── Supplied records
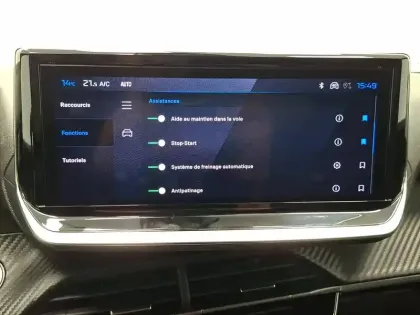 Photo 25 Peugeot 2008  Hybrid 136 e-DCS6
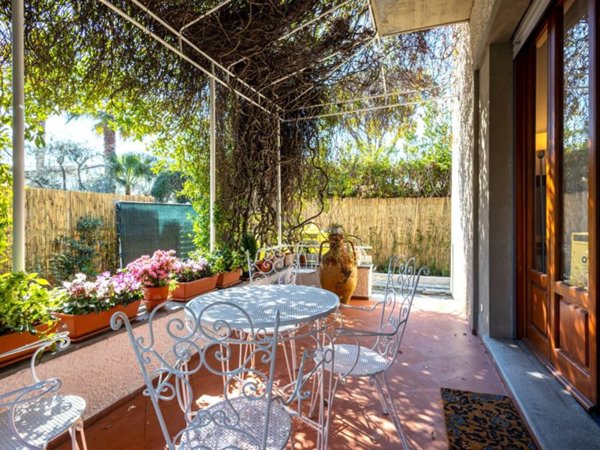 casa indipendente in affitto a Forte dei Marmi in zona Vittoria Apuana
────
── Supplied records
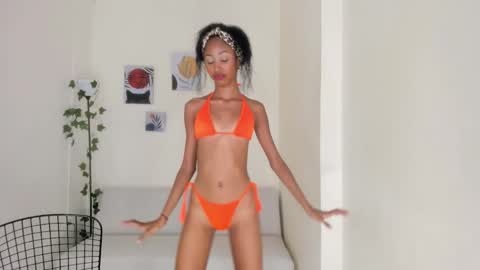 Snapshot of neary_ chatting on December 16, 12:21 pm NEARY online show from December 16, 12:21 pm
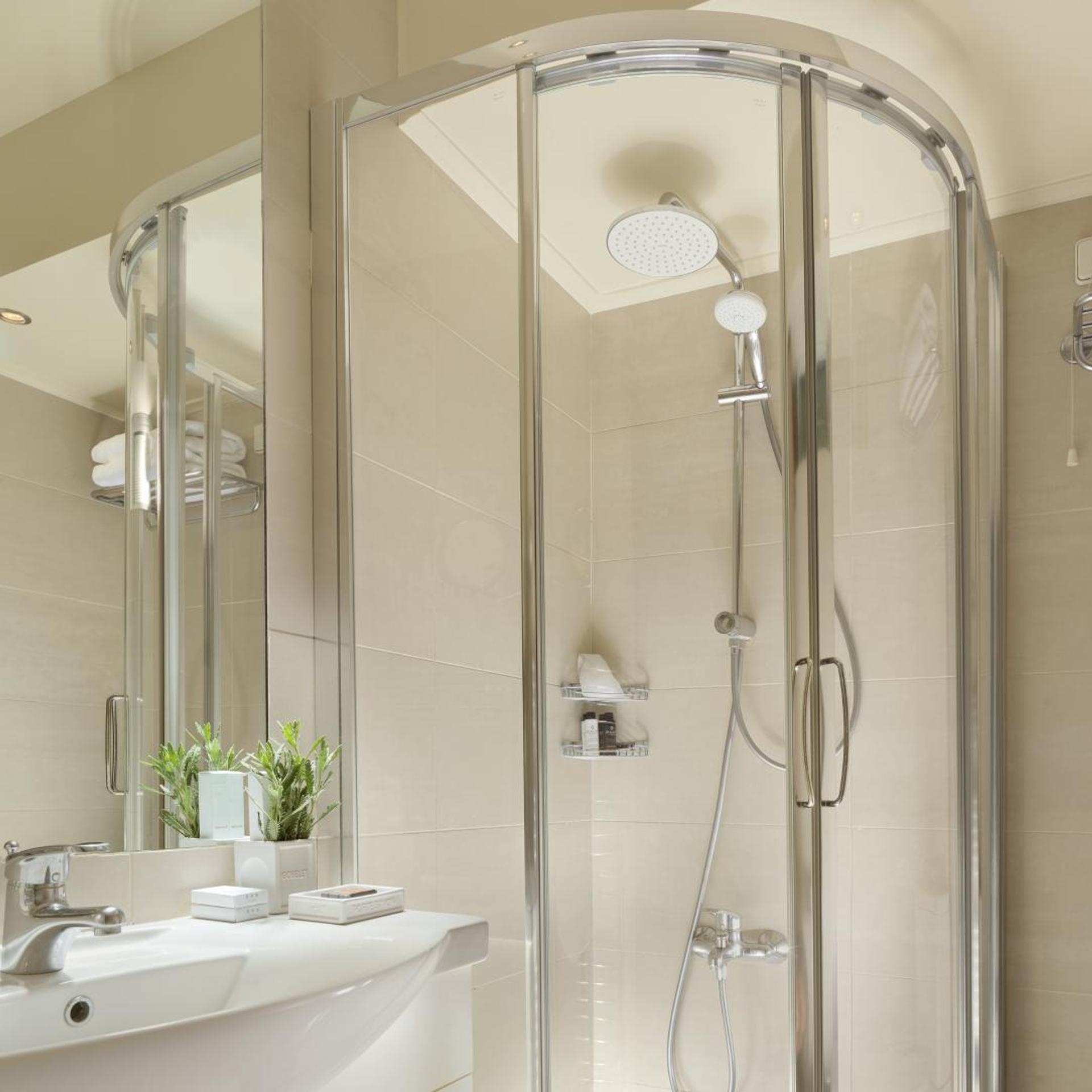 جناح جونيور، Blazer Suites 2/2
────
What needs to be done:
For the data above, set down exactly the lines from the line with "Photo 25 Peugeot" to the line with "casa indipendente in", both included, leaving pictures out.

Answer section:
 Photo 25 Peugeot 2008  Hybrid 136 e-DCS6
 casa indipendente in affitto a Forte dei Marmi in zona Vittoria Apuana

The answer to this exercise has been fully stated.